誰かを捜すような声は、澄んだ女の声であった。クーン語で、
「アヴァー」
という音を捉えたとき、ザイの脳裏に思わずアヤの顔が浮かび、次いでアシュナの顔が浮かんだ。
超常ともいうべき現象の中で、ザイは王都から外れた場所に自分がいたことに多少の運の良さを感じたが、不安は拭いがたく、思わずアシュナの名を呼んだ。
「アシュナ、アシュナは何処だ!」
ザイは走った。どういうわけかわからないが、心中の不安がとりとめもなく大きくなった。
(あれは邪悪なものだ……)
という直感が脳裏で警鐘を鳴らし続けている。
アーシェの幕営を通り過ぎ、神威に釘付けになった兵たちをかきわけてザイはアシュナ――つまりは自分の――天幕に向かって走った。

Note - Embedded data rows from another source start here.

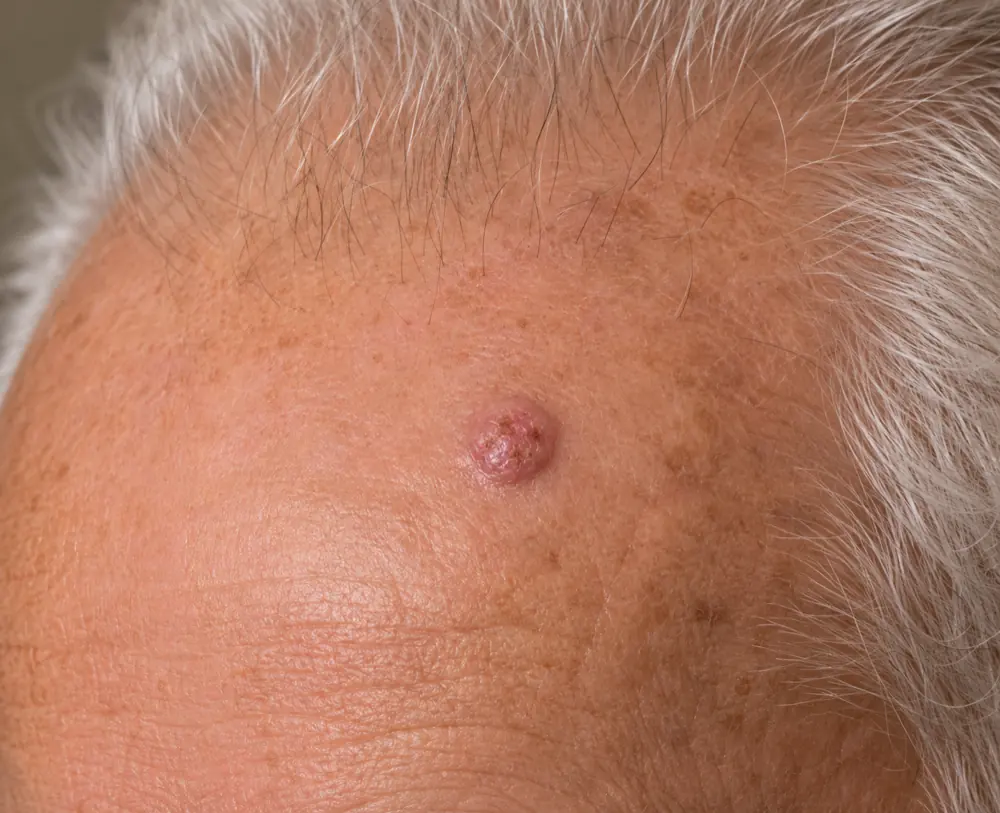 A squamous cell carcinoma lesion on sun-exposed skin.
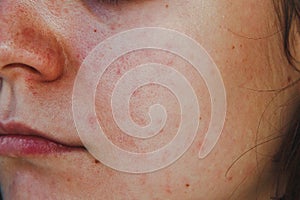 Close-up of a female face: problematic oily skin, enlarged pores, redness, acne, black spots
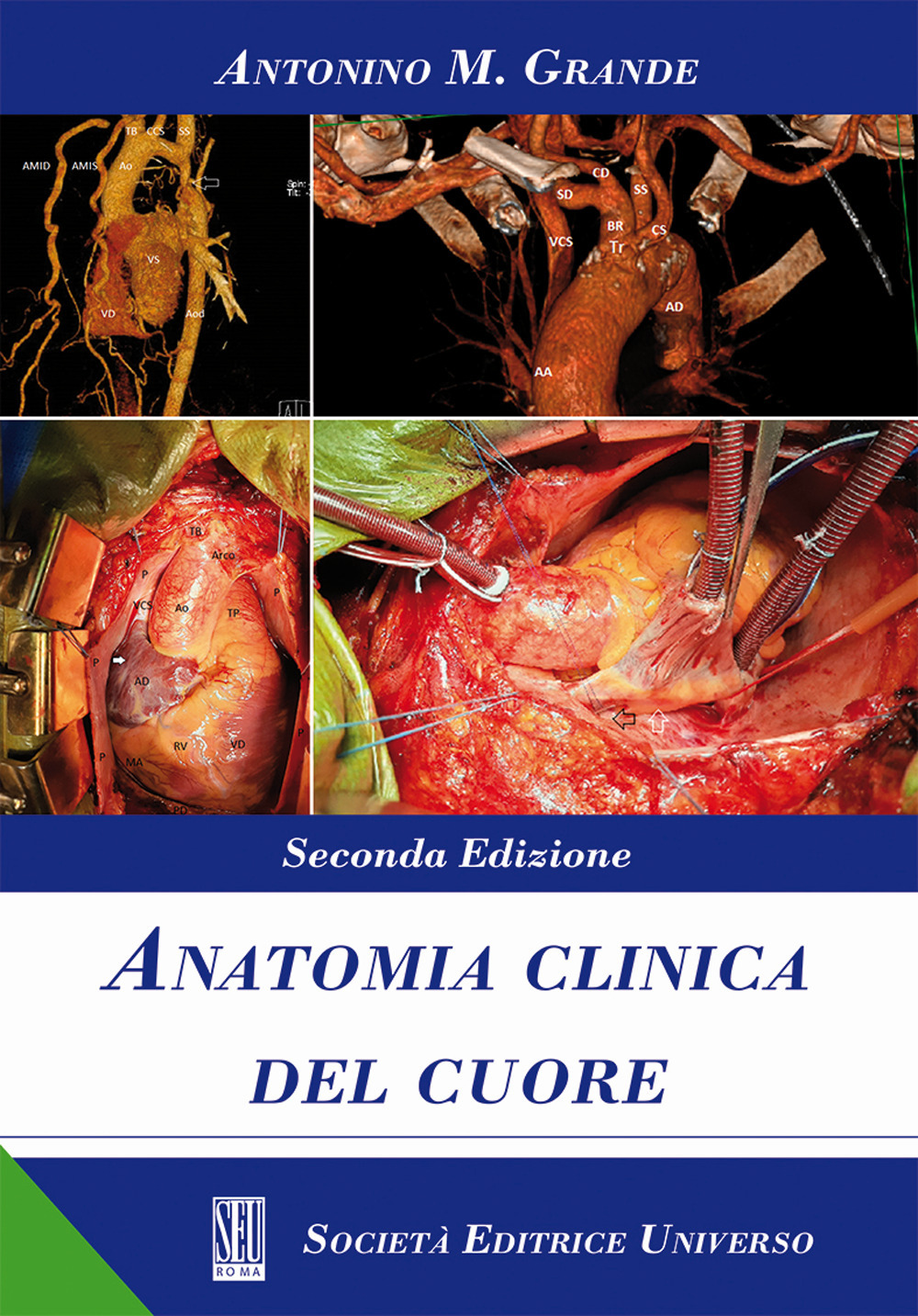 Anatomia clinica del cuore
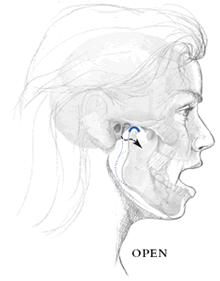 Profile of open mouth showing condyle gliding along the joint socket of the temporal bone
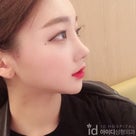 [韓国美容整形]鼻整形＆脂肪移植でオルチャンに変身♥ID美容外科リアルセルフィーグラムの記事より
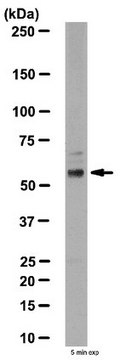 Anti-Neurotensin Receptor 2 Antibody from rabbit, purified by affinity chromatography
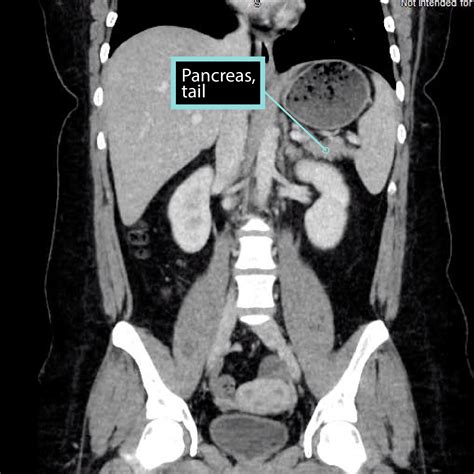 Gross Anatomy Glossary: Pancreas Imaging | ditki medical & biological ...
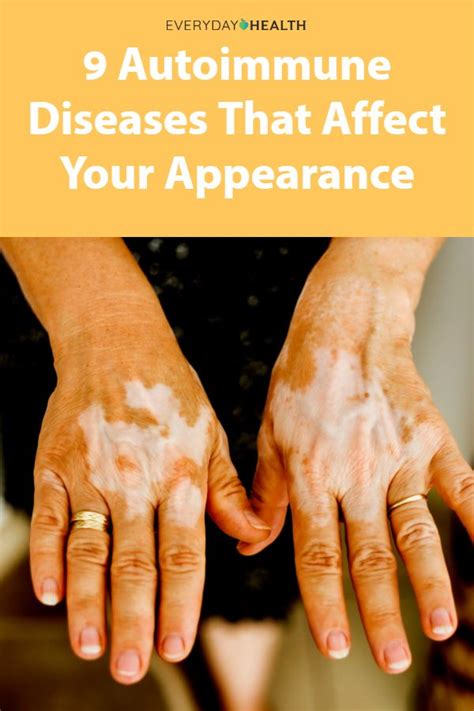 Autoimmune Skin Diseases And Rashes That Affect Appearance In 2019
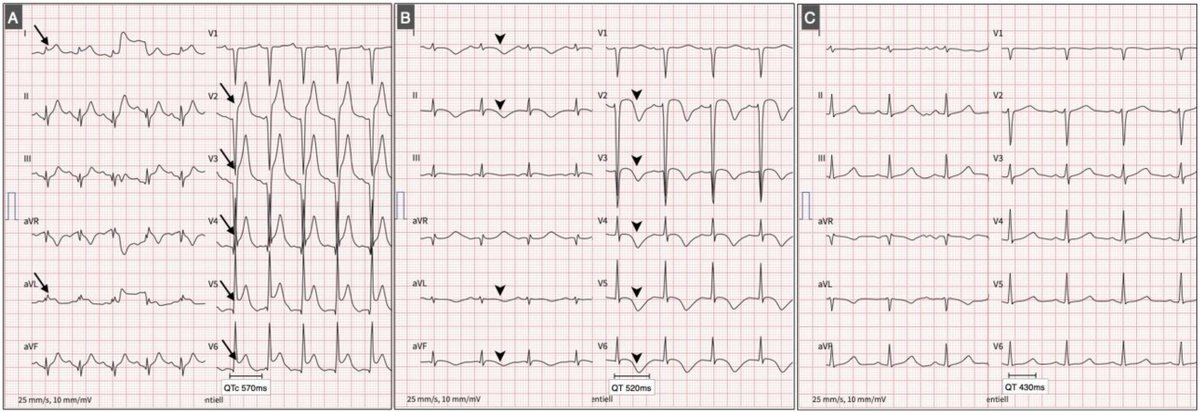 Cardiovascular Medicine tweet media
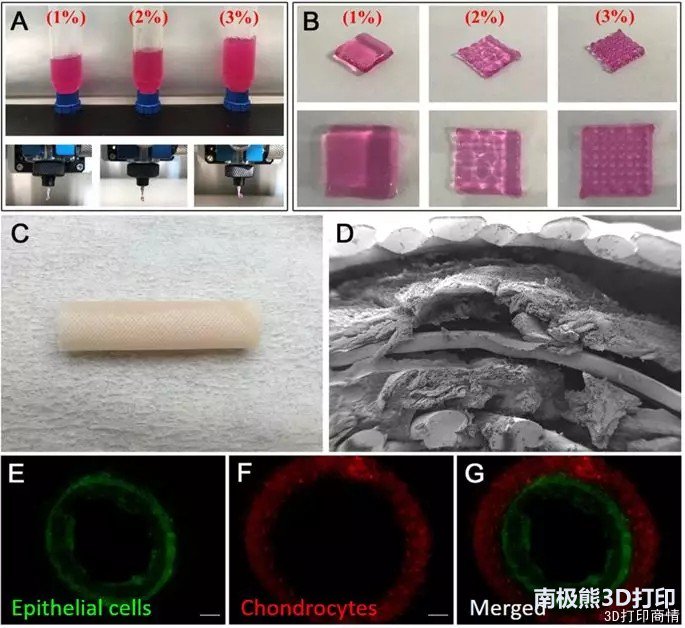 韓國(guó)研究人員用上皮細(xì)胞和軟骨細(xì)胞3D打印氣管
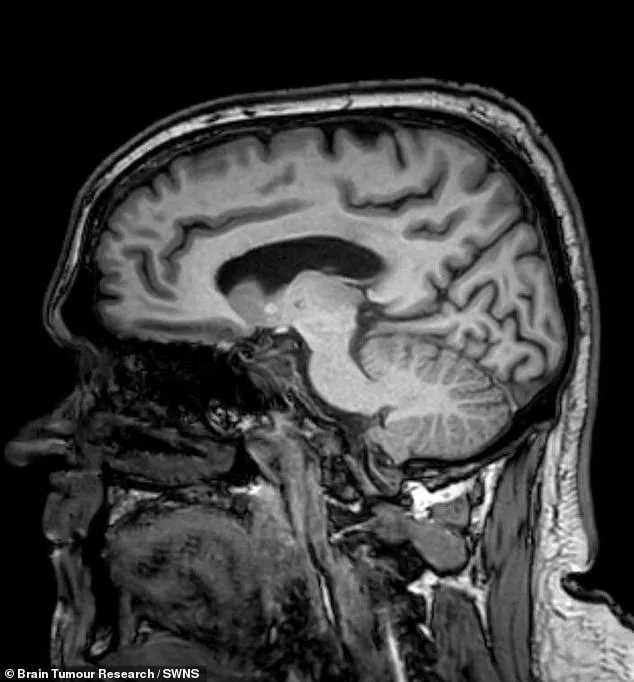 Overlooked Symptoms: How a Misdiagnosis Led to a Tragic Car Crash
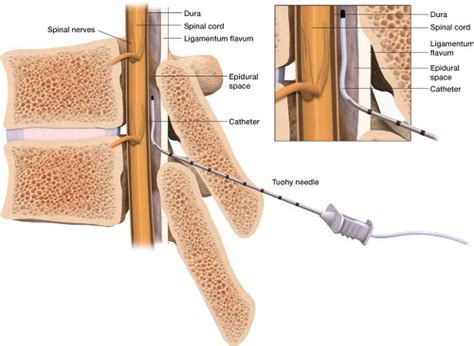 NarkosguidenEpiduralanestesi - Narkosguiden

暁闇が破られてまだいくばくも経たない。アシュナは今起きたばかりらしく、眠そうに目をこすりながら、あたふたと彼女の名を呼ぶザイを訝しげに見ていた。彼女の顔を見たとき、ザイは心底から安堵する自分に気づいた。
アシュナもそういったザイの心中を容易く見透かしたようだった。彼女はそれが無性にうれしくてたまらないらしく、寝起きの悪さに反して、暖かな笑みでもってザイを迎えた。
刹那――
――そこにいるのね……
と天から澄んだ女の声が聞こえた。先ほどのものと違って、腹の底に響くような強さと暗さを持った声である。
ザイは、見えない何かにつかまれたかのように棒立ちになり、空を仰いだ。
眼前に神の姿があった。
兵たちの悲鳴が聞こえたような気がした。次いでザイが見たのは黄金の神龍が巨大な顎で大地を噛み砕く様であり、一撃でアーシェのつめる天幕が破壊される光景である。
ザイはさらに声を聞いた。
――よこせ!
何を――と心中で呟く暇もなく、ザイはアシュナの元へと走りよった。彼女は突然の惨事に我を失っていたが、ザイの声を聞いて己に立ち返ったのか、
「ソプル様――!」
と悲鳴にも似た声を上げて走り出した。
巨大な影が二人を覆った。
神龍の顎が天幕ごとアシュナを飲み込もうとしているのが見えた。
ザイは手を伸ばした。以前は一度、つかんだ手である。
アシュナの白く細い指に触れた。その瞬間、暖かく、そしてかすかに甘酸っぱい何かが体中に走った。
次の瞬間、眼前が黄金の光で満たされ、五感が麻痺した。
じゃり――と、口の奥で音が鳴った。
地に伏せている自分に気づいたザイは、思わず起き上がり、周囲を見渡した。
あたりには何もなかった。
あるのは、無造作にえぐれた地面だけであり、アシュナも、他の兵の姿もない。
ザイは思わず、その場に座り込んだ。
どれだけそうしていたのだろうか、やがて朝日が燦々と輝きだした。
おもむろに自分の手を見た。この手は、確かにアシュナの指に触れた。
息が荒くなった。胸に何かが詰まったように呼吸がままならない。
やがて、呻くような虚しい声が、えぐられた大地に響いた。